WORK TO BE COMPLETED – Which lines run from the one containing "HexArmor MX500 Anti-Fog" to the end of the entries? Copy them exactly, both ends included, and give nothing else.

SOURCE MATERIAL –
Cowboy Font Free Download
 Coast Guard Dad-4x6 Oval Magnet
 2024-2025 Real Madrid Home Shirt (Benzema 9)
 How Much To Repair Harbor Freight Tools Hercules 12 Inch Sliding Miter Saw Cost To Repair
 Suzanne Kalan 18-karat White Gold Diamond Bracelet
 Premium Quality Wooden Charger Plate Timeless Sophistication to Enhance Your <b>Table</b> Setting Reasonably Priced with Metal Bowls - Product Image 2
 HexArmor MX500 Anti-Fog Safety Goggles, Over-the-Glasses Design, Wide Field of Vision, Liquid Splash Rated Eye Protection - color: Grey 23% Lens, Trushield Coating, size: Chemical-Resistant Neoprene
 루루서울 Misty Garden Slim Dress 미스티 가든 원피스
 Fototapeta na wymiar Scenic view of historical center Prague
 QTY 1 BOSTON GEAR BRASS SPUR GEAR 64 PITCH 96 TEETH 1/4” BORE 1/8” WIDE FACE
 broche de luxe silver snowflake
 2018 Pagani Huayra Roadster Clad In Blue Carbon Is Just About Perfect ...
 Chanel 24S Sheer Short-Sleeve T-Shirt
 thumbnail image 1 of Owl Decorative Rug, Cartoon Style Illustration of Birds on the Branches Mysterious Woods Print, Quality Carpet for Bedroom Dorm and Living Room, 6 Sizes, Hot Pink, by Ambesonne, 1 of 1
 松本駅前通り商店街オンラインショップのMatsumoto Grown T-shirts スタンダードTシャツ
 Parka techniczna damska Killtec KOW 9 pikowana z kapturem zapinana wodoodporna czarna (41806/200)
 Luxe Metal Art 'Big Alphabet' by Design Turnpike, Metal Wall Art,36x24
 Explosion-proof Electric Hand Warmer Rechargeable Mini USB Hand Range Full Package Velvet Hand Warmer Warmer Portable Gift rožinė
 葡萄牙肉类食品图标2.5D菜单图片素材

OUTPUT FOR THIS EXERCISE –
 HexArmor MX500 Anti-Fog Safety Goggles, Over-the-Glasses Design, Wide Field of Vision, Liquid Splash Rated Eye Protection - color: Grey 23% Lens, Trushield Coating, size: Chemical-Resistant Neoprene
 루루서울 Misty Garden Slim Dress 미스티 가든 원피스
 Fototapeta na wymiar Scenic view of historical center Prague
 QTY 1 BOSTON GEAR BRASS SPUR GEAR 64 PITCH 96 TEETH 1/4” BORE 1/8” WIDE FACE
 broche de luxe silver snowflake
 2018 Pagani Huayra Roadster Clad In Blue Carbon Is Just About Perfect ...
 Chanel 24S Sheer Short-Sleeve T-Shirt
 thumbnail image 1 of Owl Decorative Rug, Cartoon Style Illustration of Birds on the Branches Mysterious Woods Print, Quality Carpet for Bedroom Dorm and Living Room, 6 Sizes, Hot Pink, by Ambesonne, 1 of 1
 松本駅前通り商店街オンラインショップのMatsumoto Grown T-shirts スタンダードTシャツ
 Parka techniczna damska Killtec KOW 9 pikowana z kapturem zapinana wodoodporna czarna (41806/200)
 Luxe Metal Art 'Big Alphabet' by Design Turnpike, Metal Wall Art,36x24
 Explosion-proof Electric Hand Warmer Rechargeable Mini USB Hand Range Full Package Velvet Hand Warmer Warmer Portable Gift rožinė
 葡萄牙肉类食品图标2.5D菜单图片素材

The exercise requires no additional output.